Tod durch Ratten"Tod durch Ratten" ist als Zeitdokument durchaus unterhaltsam. Da sitzt die versnobte und natürlich nur männliche Uni-Elite bei ihren Zigarren, man redet sich als "Euer Spektabilität" und "Magnifizenz" an und sieht sich "als Vorbilder der Jugend", während "an Kreutzkamms Dreck und Speck könnten sich höchstens die Gammler und Langmähnigen unserer Studiosi ein Vorbild nehmen. Da sei der Himmel vor!" Das viel zitierte und zu Unrecht gescholtene Aufbruchsjahr 1968 war zur Veröffentlichungszeit gerade mal drei Jahre her, und die Verhältnisse sind hier mit so ironiefreier und konservativer Inbrunst beschrieben, dass man gut nachvollziehen kann, wieso die "Gammler und Langmähnigen" keine Lust mehr auf diesen Mief und Obrigkeitshörigkeit hatten.

Dabei gibt sich Eckert viel Mühe, seinen Bösewicht Kreutzkamm auch äußerlich in die Nähe der von ihm geliebten Ratten zu bringen und als schmierigen - heute würde man sagen – Soziopath darzustellen. Das ist ein tiefer, schlichter und ekliger Griff in die Klischeekiste des Trivialromans. Und es funktioniert auch nicht, denn dadurch bleibt der geniale Tüftler eine geifernde Karikatur. Man fragt sich unwillkürlich, wie dieser Kerl überhaupt an seinen Doktortitel gekommen ist, wo er doch unfähig ist, sich auch nur im Mindesten anzupassen.

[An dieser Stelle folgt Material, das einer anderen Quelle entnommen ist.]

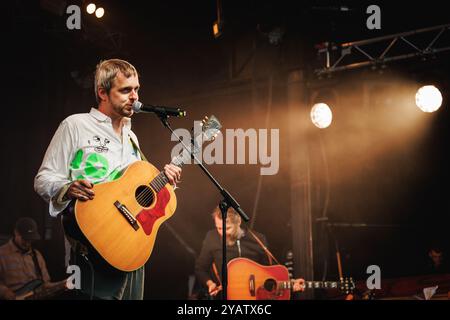 Sydregote, île Féroé. 20 juillet 2024. Le musicien, chanteur et auteur-compositeur féroïen Teitur donne un concert en direct lors du festival de musique féroïen G Festival 2024 à Sydregote. Banque D'Images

Aber in anderen Dingen merkt man dem Autor an, dass er nicht vom Heft kommt und unverbraucht ist. Alle Figuren handeln erfrischend logisch, nicht einmal der Kommissar ist der gewohnte Tölpel und recht fern von den Klischees, die später in das Genre Einzug hielten. Die Figur Gina, die beherzte Laborantin, die sich dem Widerling durchaus couragiert entgegenstellt, ist als tragische Figur sogar gelungen und ebenfalls vielschichtiger dargestellt, als später im Heft und im Serientaschenbuch üblich war.

Viele Kleinigkeiten sind interessant. Auch wenn der Schauplatz unbenannt bleibt, fließen doch viele Schilderungen des bundesrepublikanischen Alltags der 60er in die Erzählung. Selbst Dr. Kreutzkamm wohnt notgedrungen zur Untermiete bei einer Witwe – das klassische Szenario bei vielen Kommissar-Folgen -, während Gina bei ihrer Mutter wohnen muss. Der Wohnraum war eben noch knapp, die Gehälter ebenfalls. Hausärzte machen noch Hausbesuche, und selbst der zurhilfe gerufene Hausarzt seiner Magnifizenz von Maltzan weist auf seine volle Sprechstunde hin, bevor er dann doch zum zerfleischten Professor eilt.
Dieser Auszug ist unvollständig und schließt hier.